Saturday, June 4, 2011

Berlin

Also in A Year from Monday, Cage speaks of a wireless world. It was part of the utopian planning coming out of Cage's engagement with Buckminster Fuller, starting in 1948 when they were both instructors at Black Mountain College in North Carolina. Fuller, a former government employee, inventor of the geodesic dome (think Epcot), had a little revival a few years back as part of architectural dreams for effective city planning - long since abandoned after various modernist failures. Fuller's head seems back on the block these days, considering for example Adam Curtis' most recent BBC documentary, 'All Watched over by Machines of Loving Grace'. Fuller failed, like the dreams of a networked, ecological society Curtis is critiquing, because they failed to take account of power. Linking alternative community movements who built geodesic domes to leaderless uprisings in Georgia, Kyrgyzstan and Ukraine, Curtis detects the same failure: the belief that power and politics can be removed, and humans can spontaneously self-organize like machines.
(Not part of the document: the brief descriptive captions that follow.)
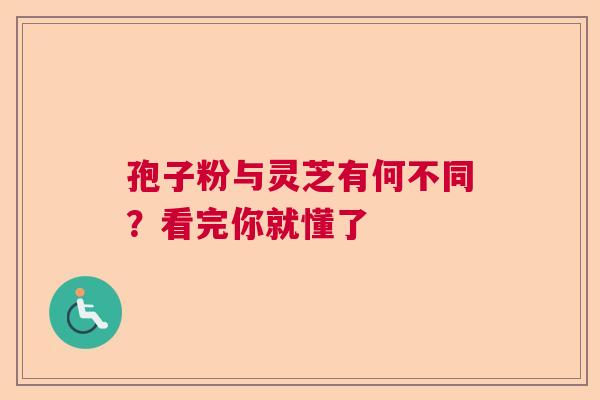 孢子粉与灵芝有何不同？看完你就懂了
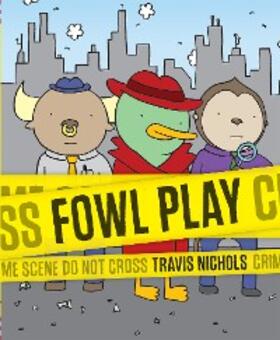 Nichols |  Fowl Play | eBook | Sack Fachmedien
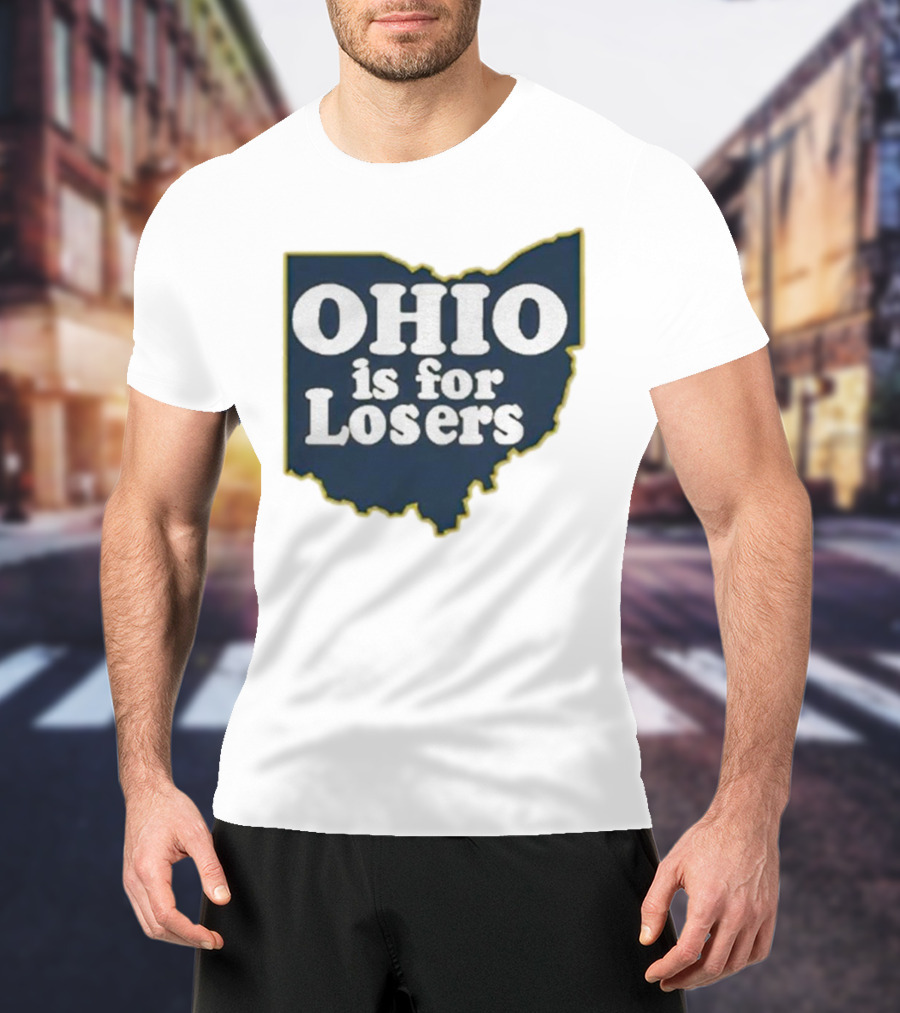 Ohio Is For Losers Anti Ohio State Michigan College Fans T-Shirt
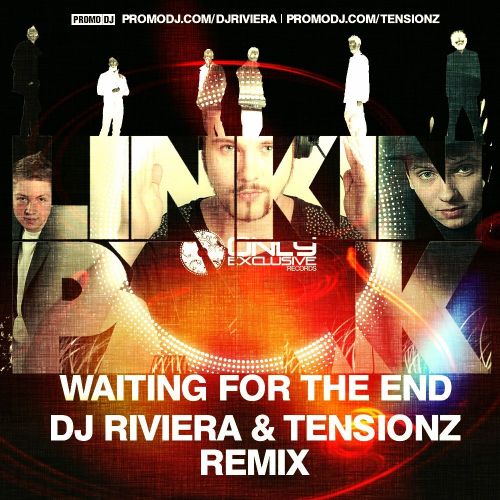 Linkin Park - Waiting For The End (Dj Riviera & Tensionz Remix)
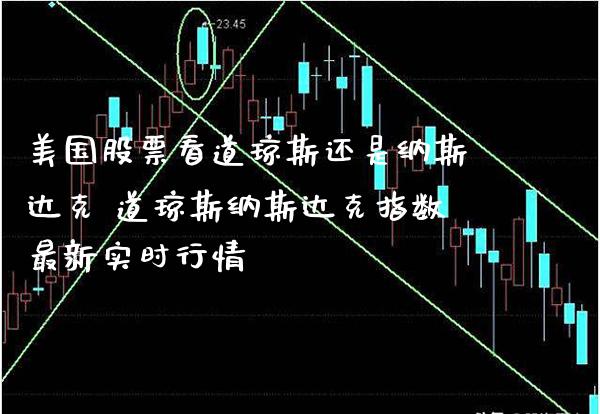 美国股票看道琼斯还是纳斯达克 道琼斯纳斯达克指数最新实时行情_https://www.cqckcrrc.com_道指直播_第1张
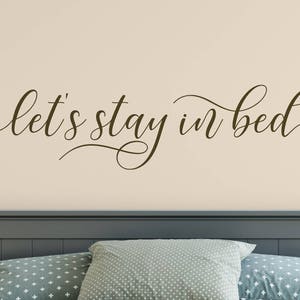 Let's Stay in Bed, Vinyl Wall Decal, Bedroom Wall Decal, Vinyl Lettering , Vinyl Stickers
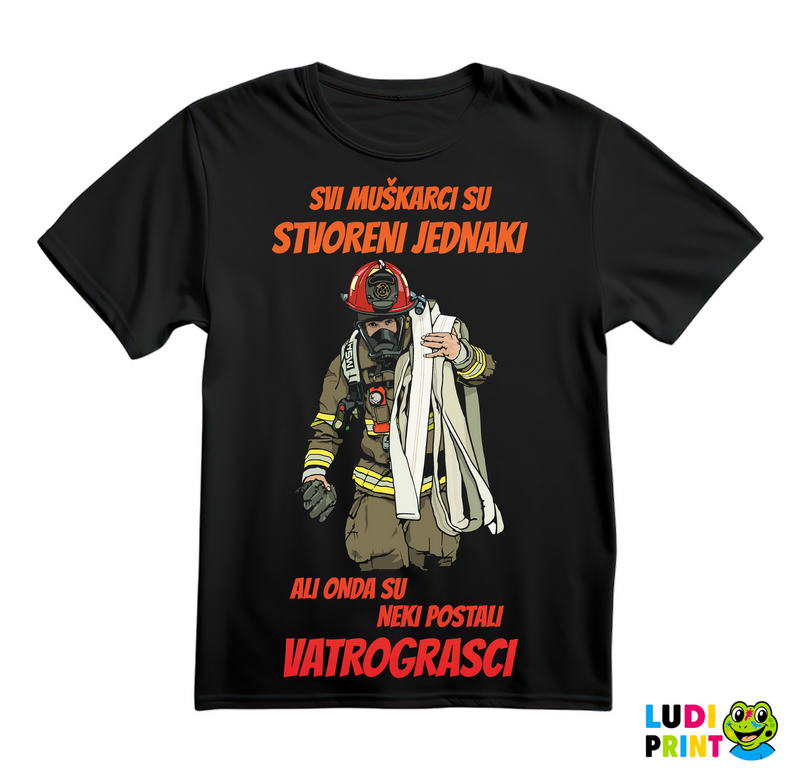 Svi Muškarci Su Rođeni Jednaki, Ali Onda Su Neki Postali Vatrogasci - Majica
This is certainly false, but its not clear what Curtis' solution is. At one point in the film, he appeals vaguely to the Enlightenment separation of 'man' from nature - and the insistence that only by this abstraction can critique and intervention occur (in terms of critiques of ecology, he is not too far from Slavoj Zizek). When I watched the film at Jan van Eyck, the question came up about Cage's involvement with Fuller, and if the critique was applicable to him. Certainly to the extent that he does not accept the abstraction/intervention solution model. But nor does he accept this vision of an ecology without politics or concern for power. D.T. Suzuki, a Japanese philosopher/cultural figure whose relationship to Cage is my broader interest, argues that Zen should never be confused with naturalism or spontaneity. For Suzuki, spontaneity is earned, not given. One does not exist in a cycle of abstractions and always-too-late-interventions. Rather, one is embedded in the present in such a way as to change it through perpetual engagement and self-improvement.

The question is, can there be a combination of a thinking of power and politics with this ethic of earned spontaneity. In this way, we would never fall back an impractical models of critique, nor get so lost in an immediate present as to fail to organize properly. For Cage, this question is always tied to a thinking of technology, and here at least Curtis would seem to agree. We are not machines, but our lives are connected to them, mediated by them, to a degree controlled by them. Though limited, Cage's idea that technological production - engagement with contemporary media - can be woven into projects is a potential starting point. It would not claim that technology is one thing or another, but that it is essentially indeterminate, and its indeterminacy is the task of the human to work through. (My starting thesis for this project was that such production would lead to 'global transparency'. A definition of this will be a future post.) For now, the point would only be that we should not throw the baby out with the bath water - ecology, networks, etc. are neither the human, nor what the human is opposed to.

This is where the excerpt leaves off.